The door opened. I heard Mrs. Gladstone gasp—evidently Mom was pushing her back outside. Mrs. Gladstone was starve-yourself-thin and prone to wearing teetery high heels; I’m sure Mom overpowered her easily. Next, I heard a shattering sound that might have been a pie-filled baking dish smashing against our brick porch. I wanted to know: Had Mrs. Gladstone dropped the pie, or had Mom thrown it after her?
I didn’t ask. I didn’t ask anyone about the Cayman Islands fund, either. But in the early days after Daddy was arrested—before I heard his victims testify, before I knew everything he’d done—I liked thinking about it. I’d tell myself, Just get through this. Get through this, and then you’ll be on the beach in the Cayman Islands, not a care in the world . . .
Instead, I ended up poor and friendless and studious in Deskins, Ohio. I stopped believing in the Cayman Islands fund.
But maybe, I think. Maybe, maybe, maybe . . .
I lean over onto the third couch cushion, too overcome to keep sitting up. I’m stretched across the whole couch now.
Fact: Daddy really did love me. He really does.
I sniff. I am a high school senior with good grades. I do well in subjects requiring logic. So I know I can’t classify that as a fact. It’s only an opinion, a theory, a belief. A belief that was sorely tested three and a half years ago.

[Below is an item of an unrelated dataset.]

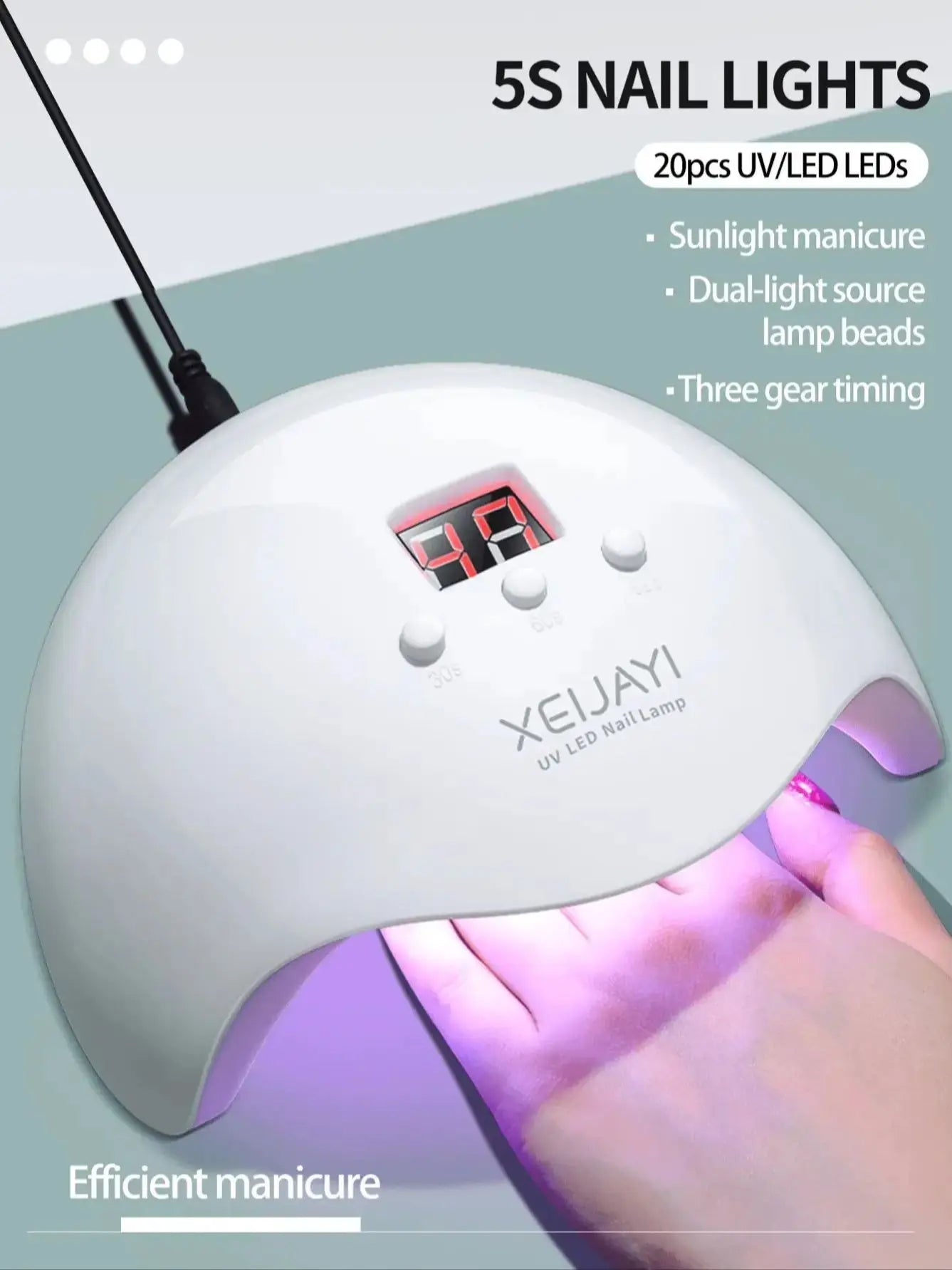 XEIJAYI 1Pc White UV LED Nail Lamp 20 Lamp Beads, Nail Dryer Gel Polish Light, UV Nail Light With 3 Timer Setting LED Dryer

It is a fact, I think stubbornly. It’s true.
I can assemble all my evidence now, build my case.
If Daddy has some huge sum of money stowed away somewhere . . . If Daddy really loves me . . . then of course. Wouldn’t he do anything he could to make sure I have money to go to college? And since he’s in prison and he stole all his money, he couldn’t just mail me a check. So, duh, of course he’d set up some sort of hoax to funnel the money to me.

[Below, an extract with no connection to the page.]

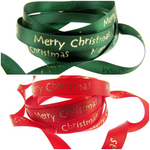 Satin Merry Christmas Ribbon 10mm - Red or Green with Gold Printed Message 54113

Hadn’t Daddy pretty much told the whole world he stole his money just to be able to send me to college?
Wasn’t it his dream as much as mine that someday I’d go to Vanderbilt? That I could have that glorious, prestigious college education he only pretended to have?
A fake full-ride scholarship contest would be easy for Daddy to pull off. Though, maybe from prison he would have had to use an outside accomplice. Maybe he’d paid a big bribe to get help from someone he used to work with, someone he’d never cheated, someone who got as big an adrenaline rush as Daddy did from fooling people. Maybe that person told Deskins High School he was Whitney Court’s father and he wanted to set up a scholarship in her name. Then Daddy and/or his accomplice just had to conduct the whole contest online and—ta-da!—eventually announce that a certain Becca Jones would win this year’s award.
Just for insurance, to throw off any suspicions, they would have set up the scholarship a few years early, thrown out token amounts of money to other kids in earlier classes.
Wouldn’t Daddy think like that? Doesn’t that last part about setting up the scholarship early have Daddy’s fingerprints all over it?
I put my hands over my face and discover my cheeks are wet: Tears are streaming down, rolling across the bridge of my nose, soaking into the couch. I have started sobbing and I didn’t even know it.
And I don’t quite know why I’m sobbing. Is it because I have proof now (well, almost proof) that Daddy loves me after all, that he didn’t go off to prison and leave me and Mom with nothing? Is it because I’m sure now (almost sure) that I will be able to afford an expensive college education, even with my father in prison?
Or is it because I’m angrier than ever with my father? How dare he! How dare he try to make me his accomplice, knowingly taking his stolen money. That would taint my entire college education. That would ruin everything. That would make me a criminal too.
Didn’t he think I was smart enough to figure this out?
The door is locked and the blinds are drawn and there’s no one else in the apartment, but I still feel too exposed, sobbing so openly on the couch in the living room. I stumble to my feet and careen into the bathroom. The next thing I know, I’m crouched on the floor, vomiting into the toilet.
Am I trying to throw up the part of me that’s furious with Daddy—or the part that desperately wants all of this to be true?